━━ Information supplied ━━

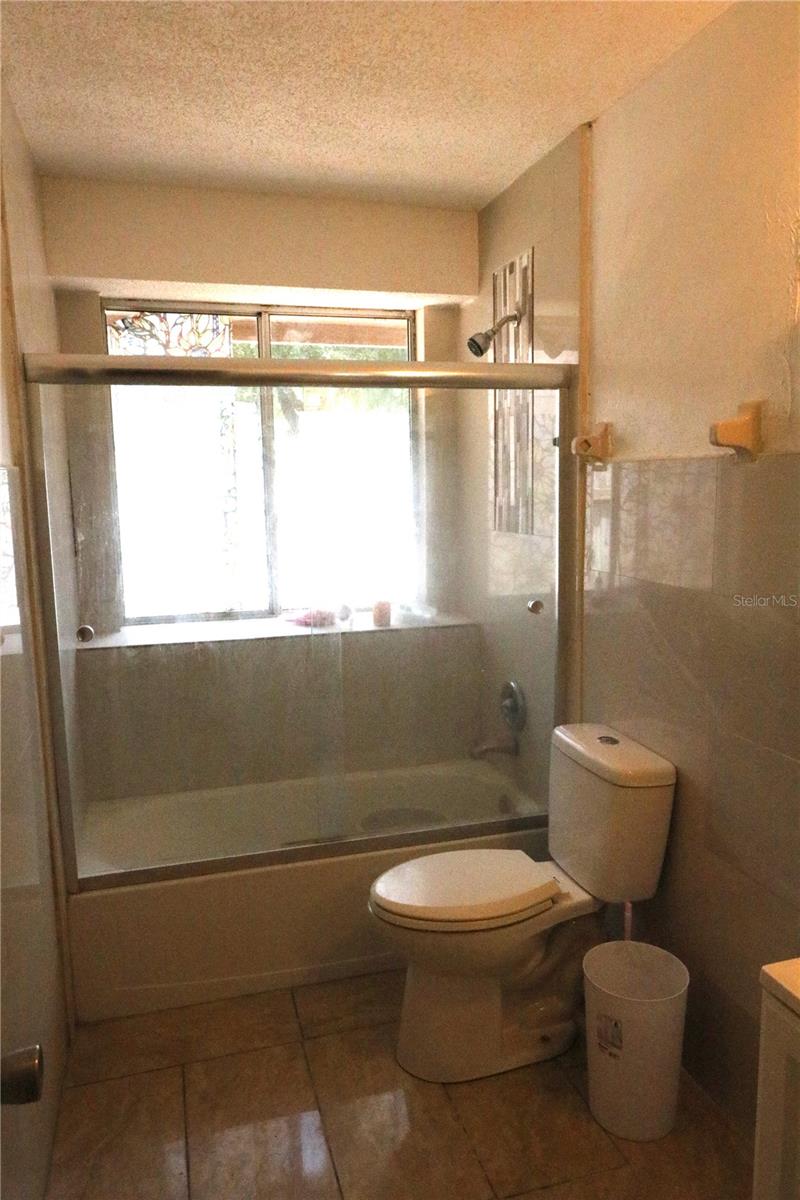 1419 Carriage Oak Ct Property Photo 6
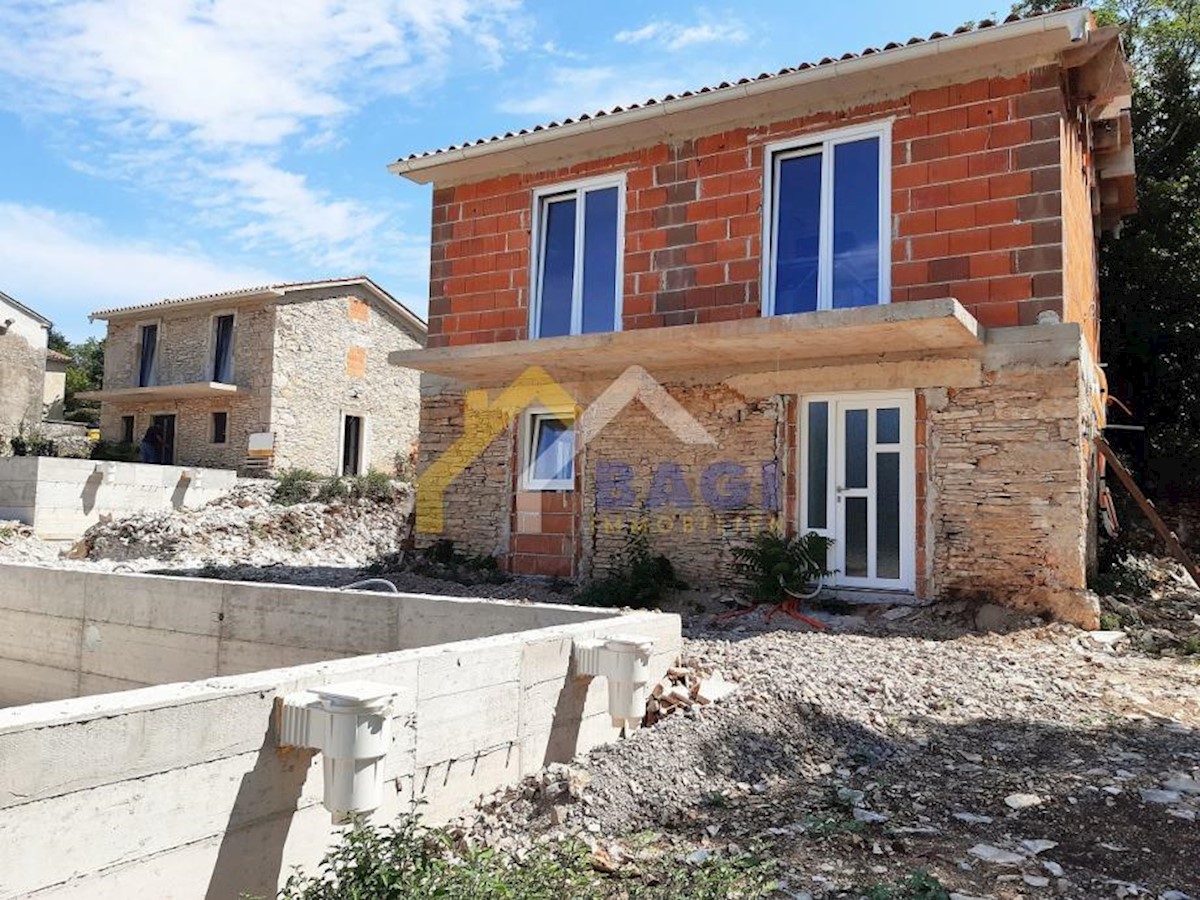 Casa con vista a 450 m dal mare Trget-Istria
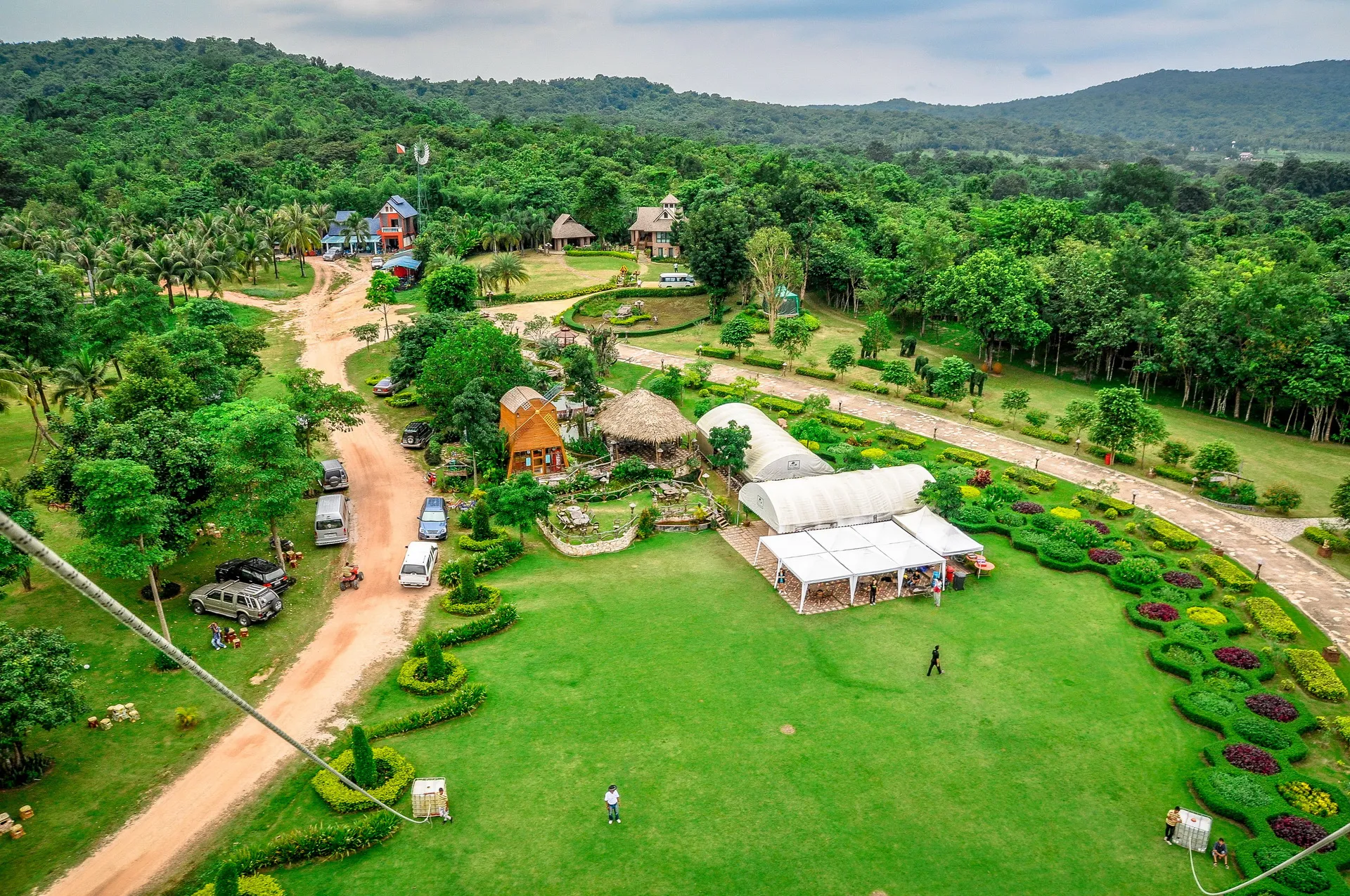 มุมสูงรีสอร์ท ผึ้งหลวง แคมป์กราวด์ ท่ามกลางธรรมชาติ 200 ไร่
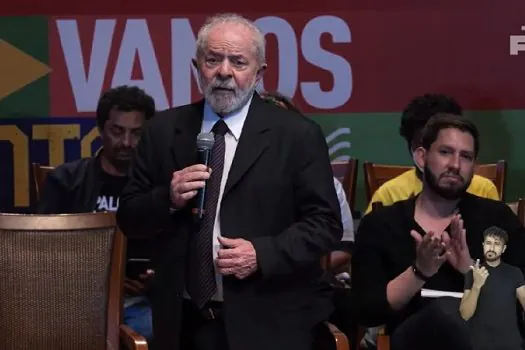 Lula diz que assassinato de petista foi “violência contra a democracia”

━━━

Activity: Starting with the line that holds "Casa con vista a 450 m dal mare Trget-Istria", retype each line through the last one in the listing above, exactly as written. Do not copy any pictures.

Answer to the exercise:
 Casa con vista a 450 m dal mare Trget-Istria
 มุมสูงรีสอร์ท ผึ้งหลวง แคมป์กราวด์ ท่ามกลางธรรมชาติ 200 ไร่
 Lula diz que assassinato de petista foi “violência contra a democracia”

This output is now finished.